--- Problem statement ---
What you return must be the data below, word for word, without any images.

--- Provided material Enclosed Below ---

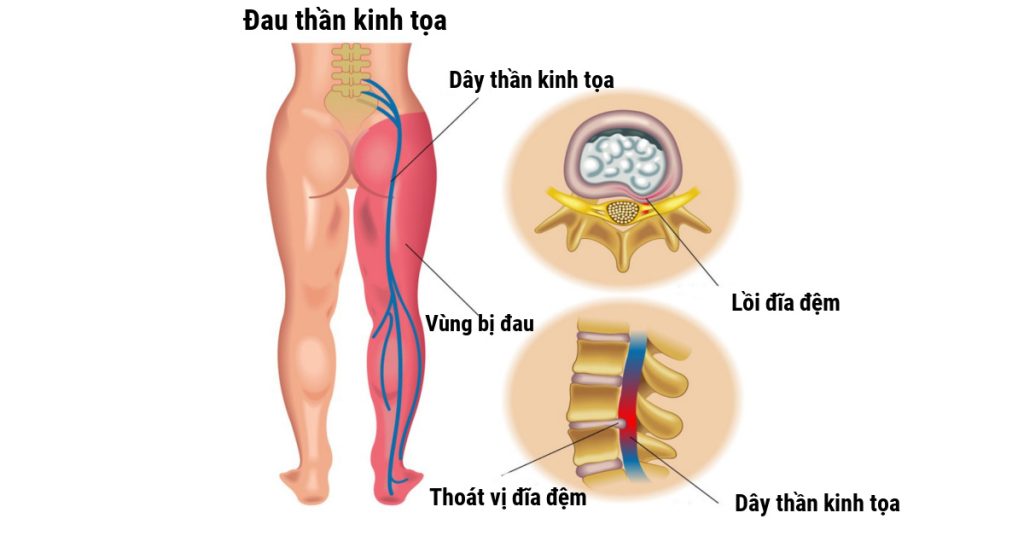 Các phương pháp điều trị hiệu quả bệnh đau thần kinh tọa
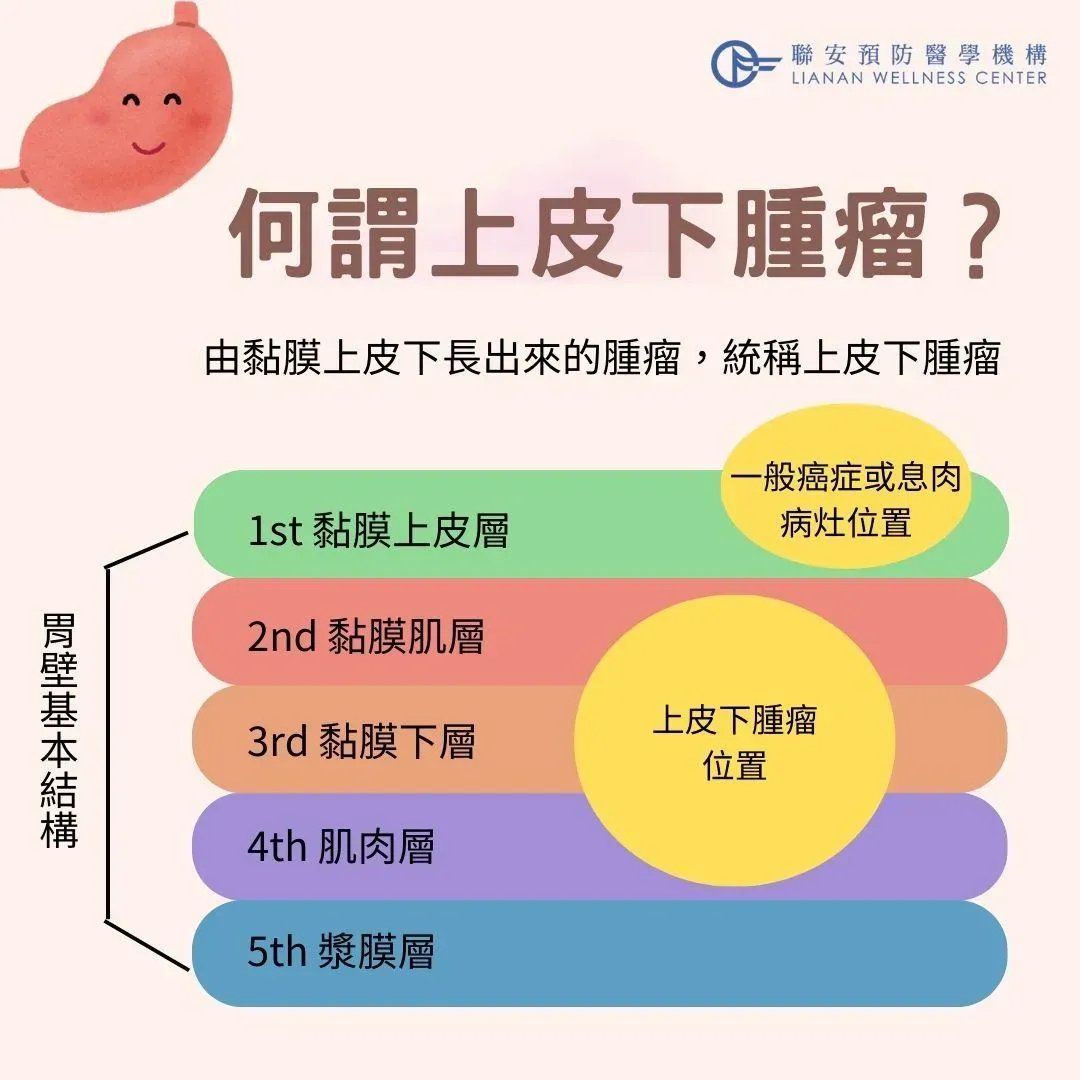 胃壁分五層，非黏膜上皮層長出來的，即為上皮下腫瘤。（圖／聯安預防醫學機構提供）
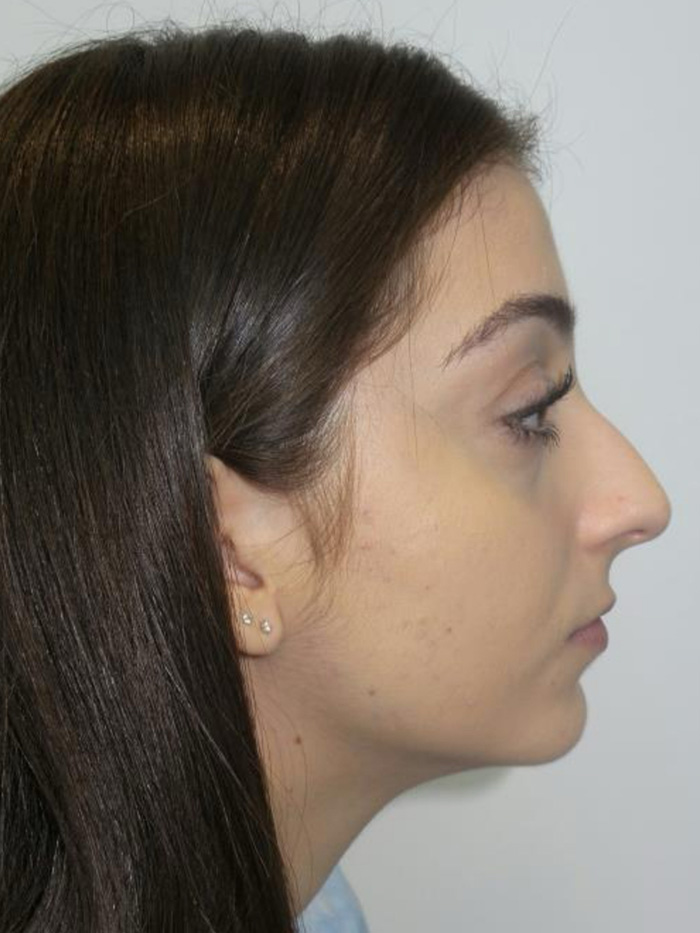 Rhinoplasty before photo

--- End of Enclosed Provided material ---

--- Response to this task ---
 Các phương pháp điều trị hiệu quả bệnh đau thần kinh tọa
 胃壁分五層，非黏膜上皮層長出來的，即為上皮下腫瘤。（圖／聯安預防醫學機構提供）
 Rhinoplasty before photo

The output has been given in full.